Classic grilled blackened chicken breast bursting with spicy grilled goodness that you will love. Just follow the easy step-by-step photo instructions.
You can never have enough great chicken recipes. Kick it up some with these tasty blackened chicken breasts cooked on your grill. Great taste is not far away.
And by making your seasoning, you can adjust the heat to your taste. Also, we can do a quick brine for moisture. To do the brine, you need to not have salt in the seasoning. Not possible if you buy your seasoning.
The original recipe was an oven-based recipe from allrecipes.com. I used the seasoning with some changes and converted it to grilling with my standard chicken breast recipe.
A nice solid higher 4. It could be a lower 5 for many.
It is easier to cook chicken that is about the same size and thickness. So try to even it out when you pick your chicken.
If you get these really plump chicken breasts, flatten them a little with a meat mallet or bottom of a pan.

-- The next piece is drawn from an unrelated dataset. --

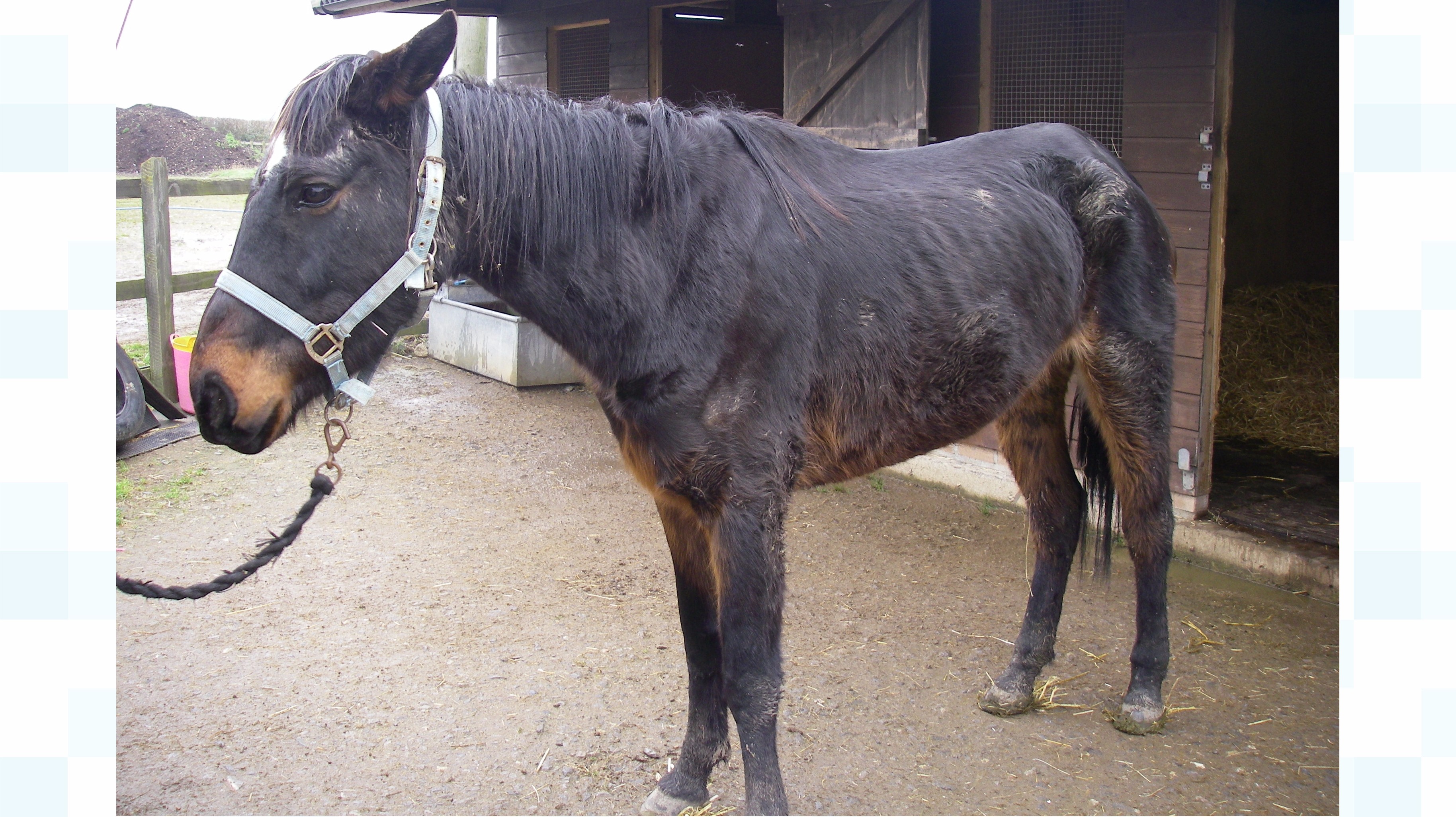 Somerset horsewhisperer banned from keeping horses after being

Like all grilled chicken breast, this can dry some if you're not careful. A simple brine of 2 cups water, 2 tablespoons table salt, and 2 tablespoons sugar for 20 to 60 minutes help keep them moist.
The recommended brine that is relatively heavy in salt. According to Cooks Illustrated, this concentration of brine is recommended for chicken for 30 minutes to 2 hours. I find the chicken gets saltier if over 1 hour so I'm suggesting 1-hour max with this mixture Actually, 20 minutes will do a fairly good job of brining the chicken breasts.

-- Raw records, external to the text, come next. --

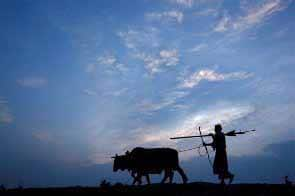 India forecasts average monsoon rains this year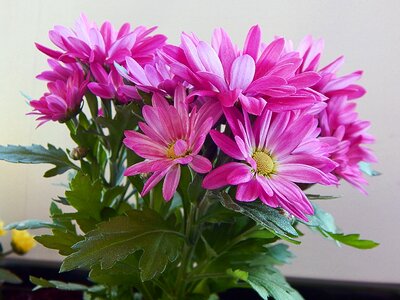 Botanical bloom summer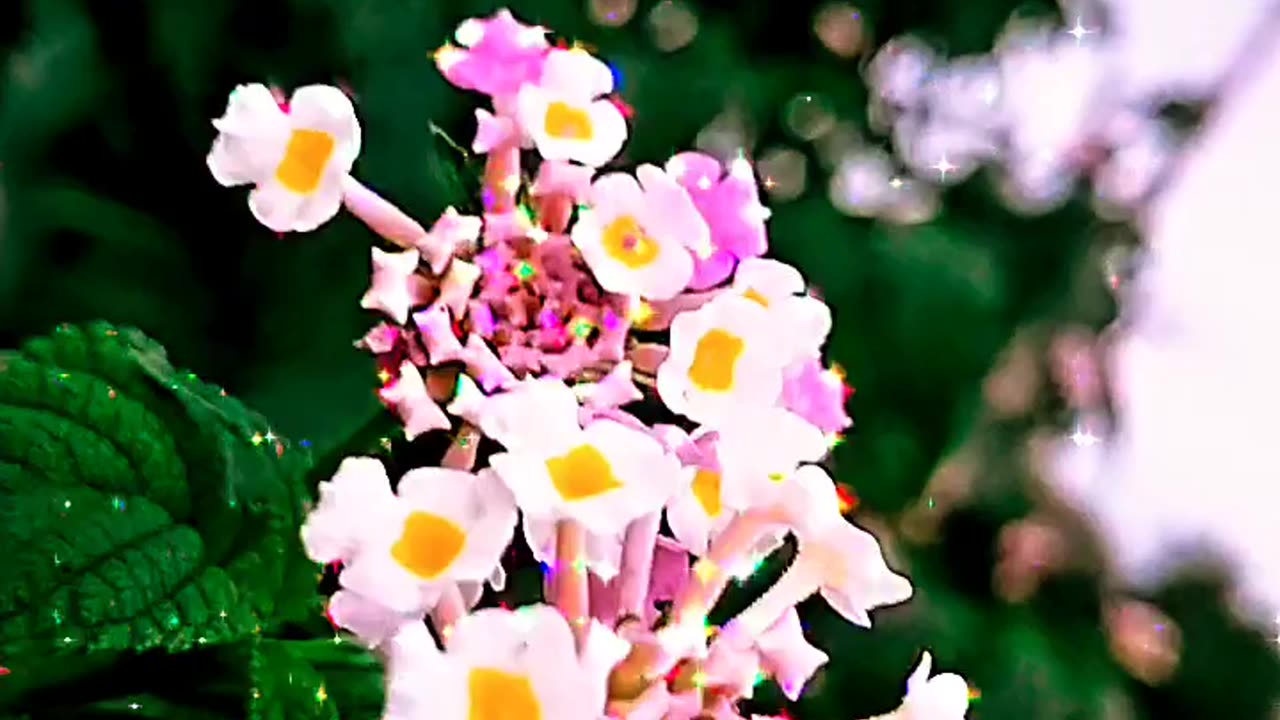 Natural Video Flower 🌹🌼🌹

While I no longer recommend rinsing chicken usually, you should always rinse carefully after brining to eliminate the surface salt.
You can grill skinless boneless chicken breasts and keep them moist without the brine, but it requires attention and skill. Skip the brine at your own risk.
👨🍳The Blackening Seasoning
The original seasoning needed a touch of garlic, and I added that. And a touch more salt.
The heat here is about 4/10 so adjust the cayenne to your taste.
The white pepper is a very nice different taste. It is thought to be the main secret ingredient of KFC. Use black pepper if you want or don't have white pepper.
If you brine the chicken, you must leave the salt out of the seasoning.
Grill temperature is extremely important in our keep the chicken moist. For any chicken, you can not "sock the heat to it." The outside will be burnt before the center is safe to eat.
I like to cook all chicken with a grill surface temperature of about 450°, give a take a little. This is medium on my current grill, which is a "hot" grill. It is medium-high on most gas grills. Please see my guide A Beginners Guide to Grill Temperature on a Gas Grill and get it right. If you don't get this right, you will not be successful with this recipe.
I liked the taste of the sauce from Alabama BBQ Chicken with White BBQ Sauce with the blackened chicken. A great mayonnaise-based sauce from Big Bob Gibson's of Alabama.
📖Chicken Breast Recipes
Clean and oil the grill. Preheat grill to a surface temperature of about 450° which is medium-high on most grills. You must get the surface temperature correct.
Trim breasts well. You can brine if you wish but then skip the salt in the rub.
Mix rub: ½ teaspoon paprika, ¼ teaspoon cayenne pepper, ¼ teaspoon cumin, ¼ teaspoon thyme, ¼ teaspoon garlic powder, ⅛ teaspoon onion powder, ¼ teaspoon kosher salt, and ⅛ teaspoon white pepper. You may adjust the cayenne to taste and use black pepper if you want.
Rub the dry mix on breast front and back. You only have 2 teaspoons so a light coat.
Grill over direct heat with the grill lid closed for 5 minutes then flip every 5 minutes until internal temp is 165°. About 25-30 minutes.
Lightly tent for 5 minutes before serving.